2/28/2011 1:21 PM ET|
4 ways the IRS can pay for school
Sometimes help comes from unexpected places. Did you know you can use the tax code to help reduce the cost of your children's education? Here's an easy lesson.
It's as American as apple pie! No member of Congress gets re-elected after voting against parents, kids and education. That's why the education goodies flavoring our tax code are so sweet. Here are four of the best:
1. Coverdell Accounts
These used to be called Education IRAs or Education Savings Accounts. Fund a Coverdell Account with as much as $2,000 per child under age 18 in 2011, and all earnings used for qualified educational expenses (including tuition, fees, room and board) can come out tax-free. Sorry, you don't get a current deduction. But these are the only tax-favored accounts that can be used for elementary and secondary school expenses as well as for college.
If you invest $2,000 a year earning 7% in a Coverdell Education Account for 18 years, you'll have $36,758 in tax-free income and a total account valued at $72,758.
Afraid your oldest won't go to college? Or what if he winds up winning a full scholarship? You can roll over any unused Coverdell money to other family members, provided they are under age 30, without penalty. All funds must be distributed before the last beneficiary hits age 30.
Congress included an income limit (the phaseout is $95,000 to $110,000 for single filers and $190,000 to $220,000 for joint returns), but it's an empty provision. Anybody with earned income can open a Coverdell Account. You don't even have to be related to the beneficiary. If your income is too high to qualify, gift the money to a grandparent or friend to contribute. Even a child beneficiary can contribute.
Coverdell Accounts are considered an asset belonging to the student for college financial aid purposes. Aid eligibility is reduced by 35% of the value of the account.
On the other hand, you have the value of the account. Or maybe you used it up on elementary and secondary school expenses. Either way, you're still ahead of the game.
2. Section 529 plans
These qualified state tuition programs, established by a state or state agency, allow you to:
- Purchase tuition credits or certificates for the payment of education expenses, or
- Make contributions into an account to pay qualified education expenses such as tuition, books, fees, room and board.
Unlike funds in Coverdell Accounts, these dollars can be used only for undergraduate and graduate college expenses. As with the Coverdell, you don't get a federal tax deduction.
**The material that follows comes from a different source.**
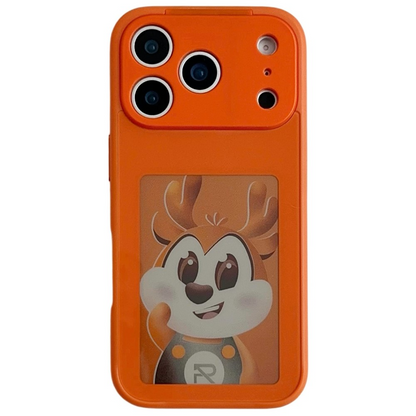 Case for Apple iPhone 17 Pro Max, OEM, Customized E-Ink Display, Orange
All distributions come out tax-free. There's no income limit for contributions. For gift tax purposes, a single donor can claim five years of annual gift tax exclusions per recipient in a single year, which means contributing as much as $65,000 ($13,000 x 5). Some states offer state tax breaks, either a deduction or a credit, for contributions. In many cases, you still can get both state and federal benefits even if you live in one state but go to school in another. For financial aid purposes, 529 accounts are considered assets of the parents, assessed up to 5.6%. They can be transferred to other members of your family, including cousins, without penalty.
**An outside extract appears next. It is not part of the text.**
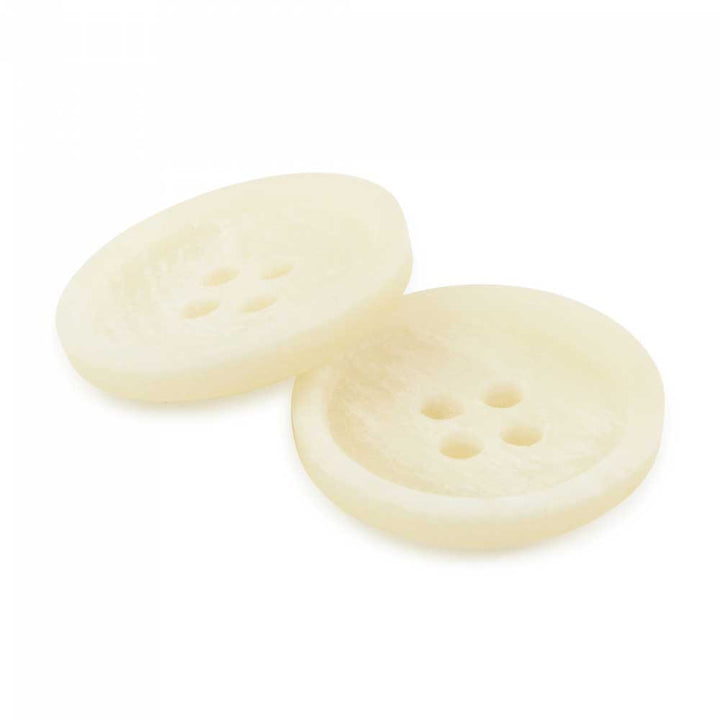 Paper Buttons, Natural 18mm, pack of 3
Want to get creative? Name yourself as beneficiary of a Section 529 account and save money for a two- to three-year sabbatical -- tax-free as long as it involves education at an eligible institution. Even some schools abroad qualify. Not only can you use the money for books and tuition, but you can even pay for your apartment up to the amount specified in the school's guidelines.
The downsides: Both with Section 529 accounts and Coverdell Accounts, distributions not used for qualified educational purposes are taxed at your highest marginal rate and may be subject to a 10% penalty. The penalty is on the full distribution. The tax is only on the income. The real risk is if your investment decreases in value. So, the shorter the time before you actually need the money, the more liquid and conservative your Section 529 investments should be.
Credits are better than a deduction. A $100 credit reduces your tax by $100. A $100 deduction reduces your tax by only your marginal rate. So, if you're in the 28% bracket, it saves you only $28.
American Opportunity Tax Credit: Extended last December through 2012, this is a credit of 100% of the first $2,000 in tuition and related education expenses (including course materials and books) and 25% of the next $2,000, for a maximum total of $2,500. Forty percent of this credit is refundable. So you can get a $1,000 check from the IRS even if you have no tax liability.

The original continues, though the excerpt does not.